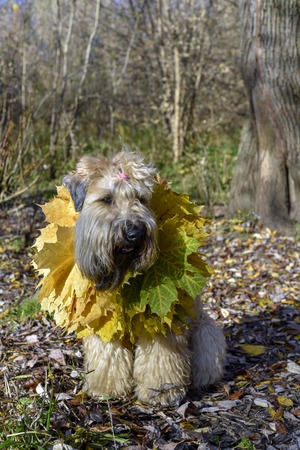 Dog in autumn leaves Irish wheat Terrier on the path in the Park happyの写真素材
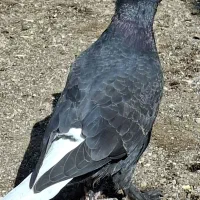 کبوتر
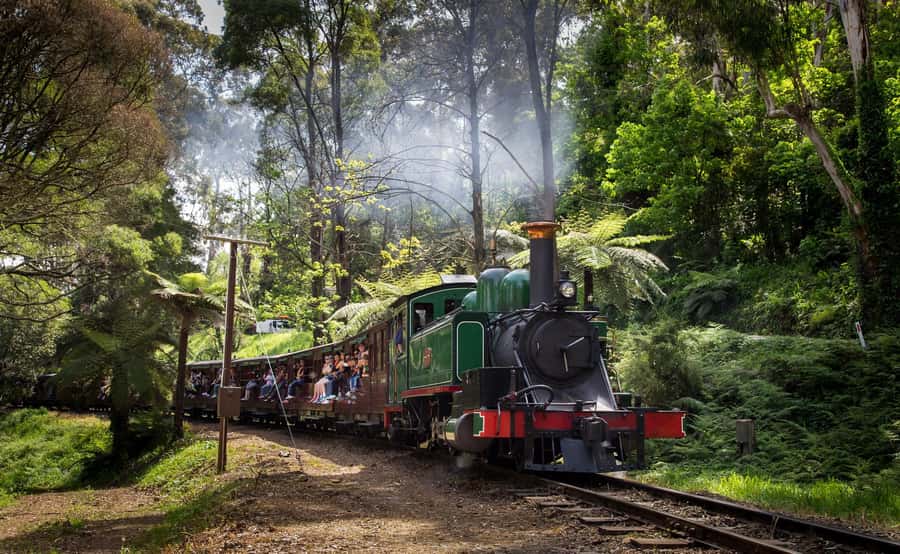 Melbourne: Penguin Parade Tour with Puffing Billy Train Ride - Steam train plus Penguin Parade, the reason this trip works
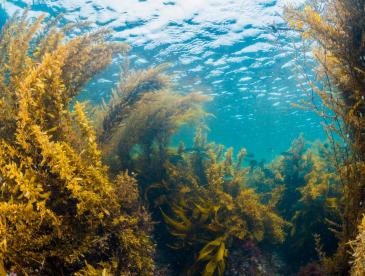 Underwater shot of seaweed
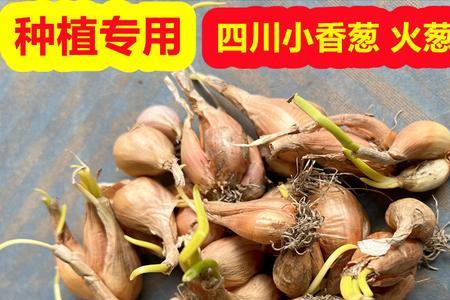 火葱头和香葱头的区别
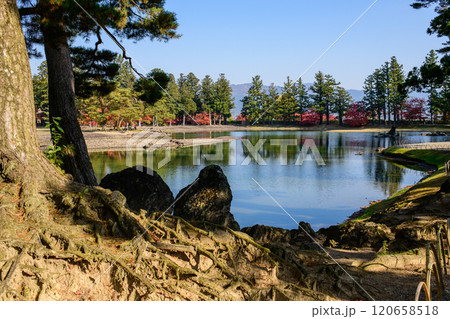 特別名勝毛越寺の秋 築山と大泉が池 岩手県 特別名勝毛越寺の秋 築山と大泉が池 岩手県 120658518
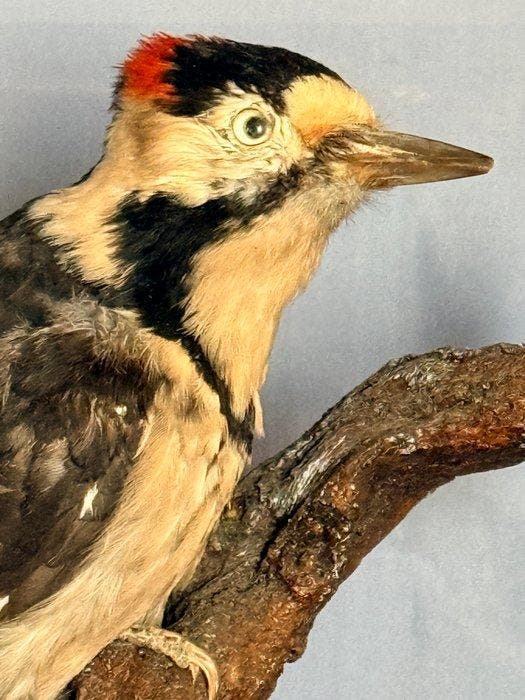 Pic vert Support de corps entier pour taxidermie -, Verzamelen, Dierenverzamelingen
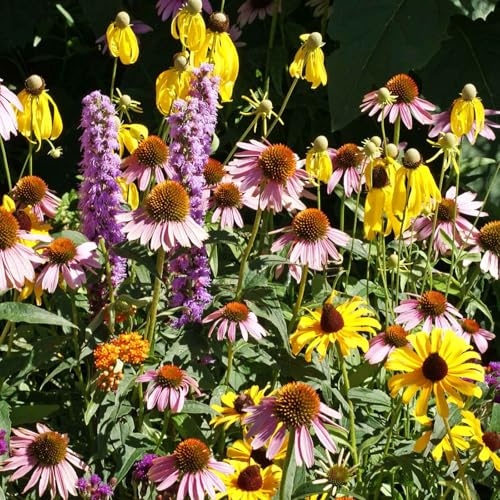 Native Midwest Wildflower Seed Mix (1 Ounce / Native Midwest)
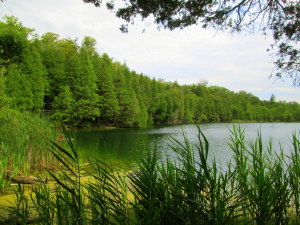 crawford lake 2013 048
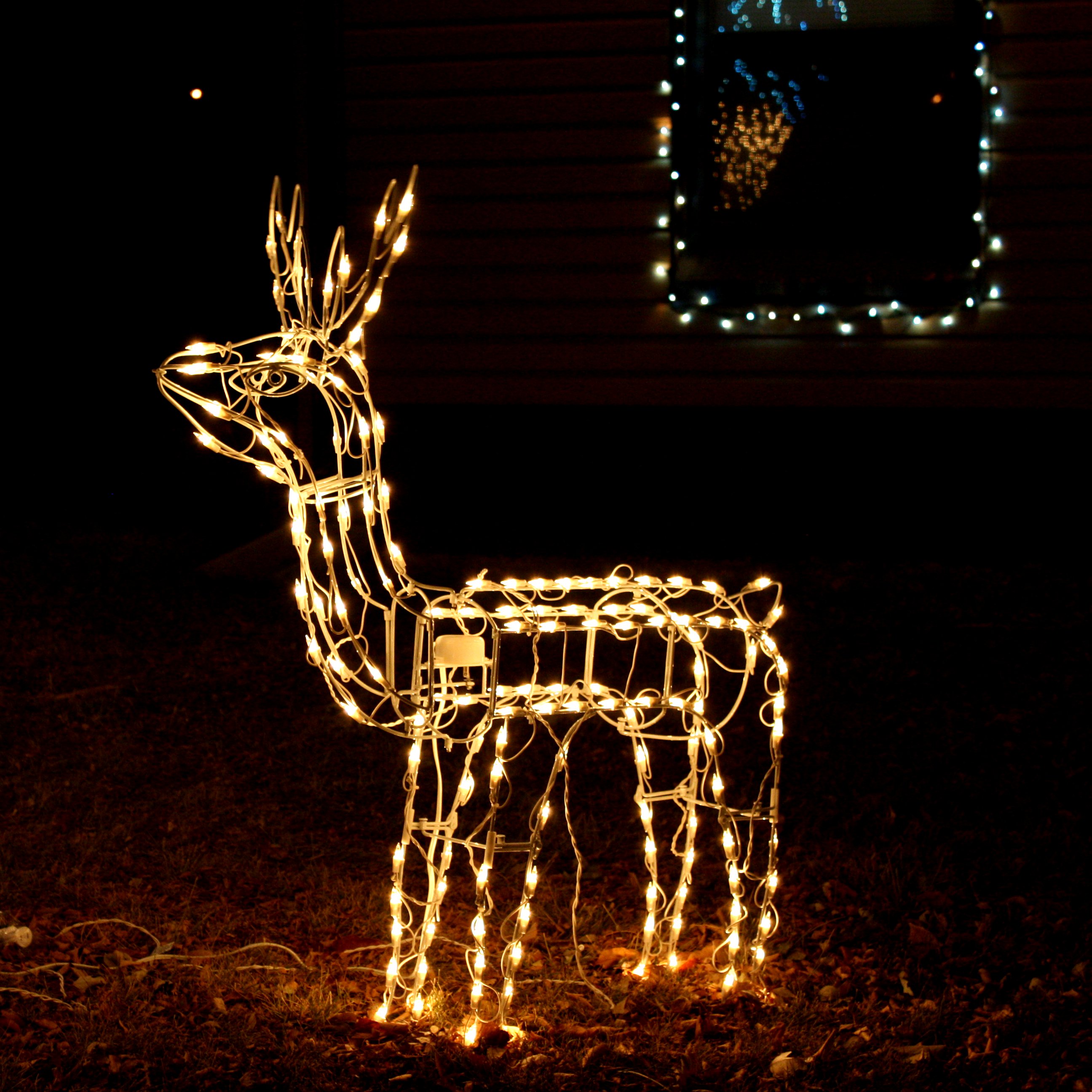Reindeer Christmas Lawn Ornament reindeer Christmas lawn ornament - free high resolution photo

---

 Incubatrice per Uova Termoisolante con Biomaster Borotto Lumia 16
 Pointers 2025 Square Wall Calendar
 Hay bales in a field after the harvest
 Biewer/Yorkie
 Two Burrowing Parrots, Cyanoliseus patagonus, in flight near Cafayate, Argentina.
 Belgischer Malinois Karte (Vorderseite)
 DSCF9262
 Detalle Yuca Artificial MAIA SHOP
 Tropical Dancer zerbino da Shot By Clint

--

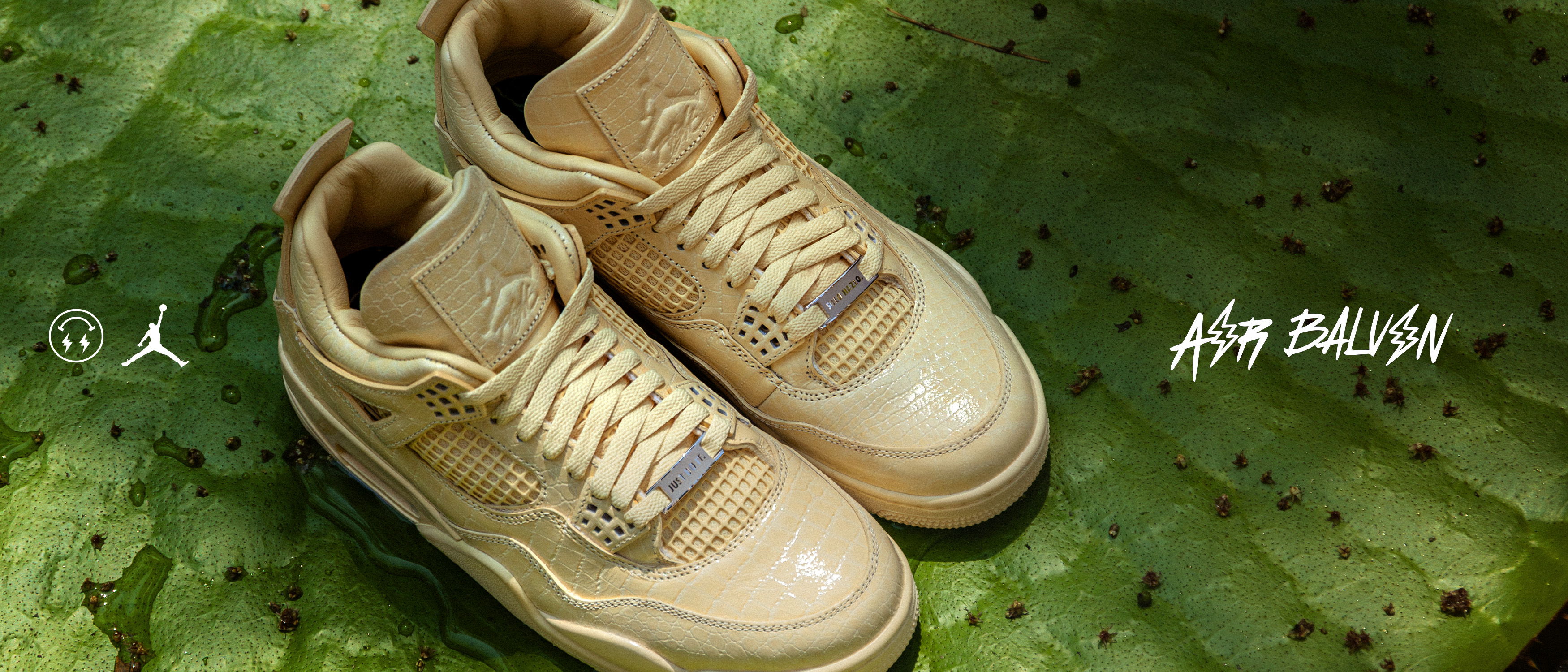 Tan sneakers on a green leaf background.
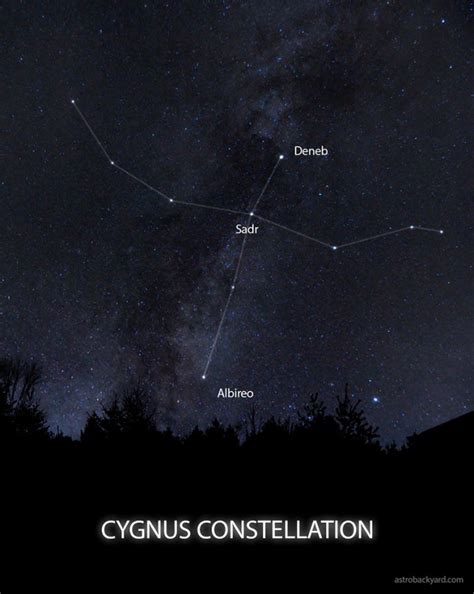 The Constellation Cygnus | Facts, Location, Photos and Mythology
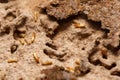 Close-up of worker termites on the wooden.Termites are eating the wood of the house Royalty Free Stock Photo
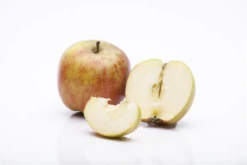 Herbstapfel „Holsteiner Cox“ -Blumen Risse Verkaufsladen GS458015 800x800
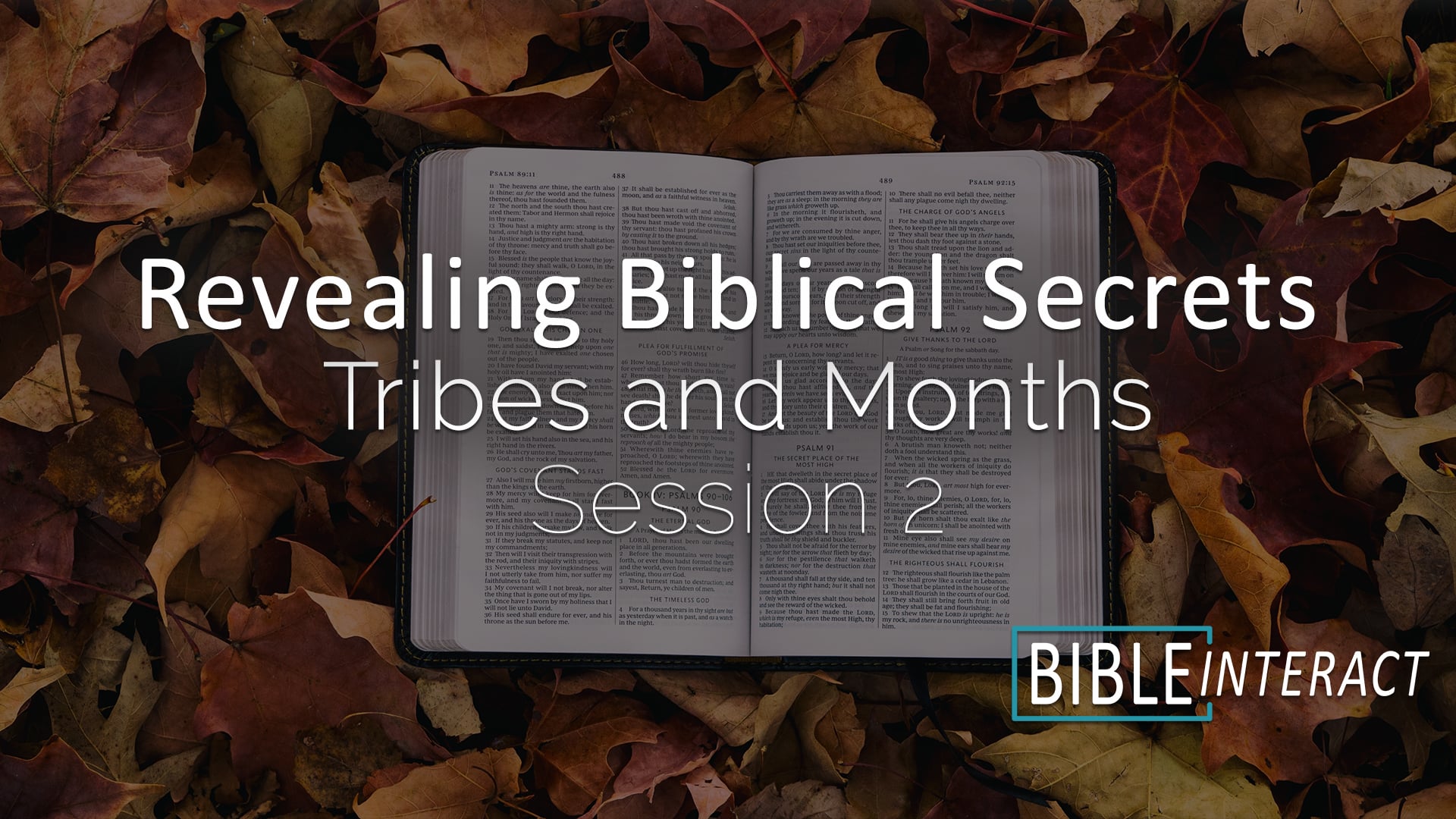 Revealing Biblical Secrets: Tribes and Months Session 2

• _What you should do_: Within the entries above, give again exactly the lines starting at the one that contains "Dog in autumn" and ending at the one that contains "Reindeer Christmas Lawn Ornament reindeer", leaving out the pictures.

• _Answer for this exercise_:
 Dog in autumn leaves Irish wheat Terrier on the path in the Park happyの写真素材
 کبوتر
 Melbourne: Penguin Parade Tour with Puffing Billy Train Ride - Steam train plus Penguin Parade, the reason this trip works
 Underwater shot of seaweed
 火葱头和香葱头的区别
 特別名勝毛越寺の秋 築山と大泉が池 岩手県 特別名勝毛越寺の秋 築山と大泉が池 岩手県 120658518
 Pic vert Support de corps entier pour taxidermie -, Verzamelen, Dierenverzamelingen
 Native Midwest Wildflower Seed Mix (1 Ounce / Native Midwest)
 crawford lake 2013 048
Reindeer Christmas Lawn Ornament reindeer Christmas lawn ornament - free high resolution photo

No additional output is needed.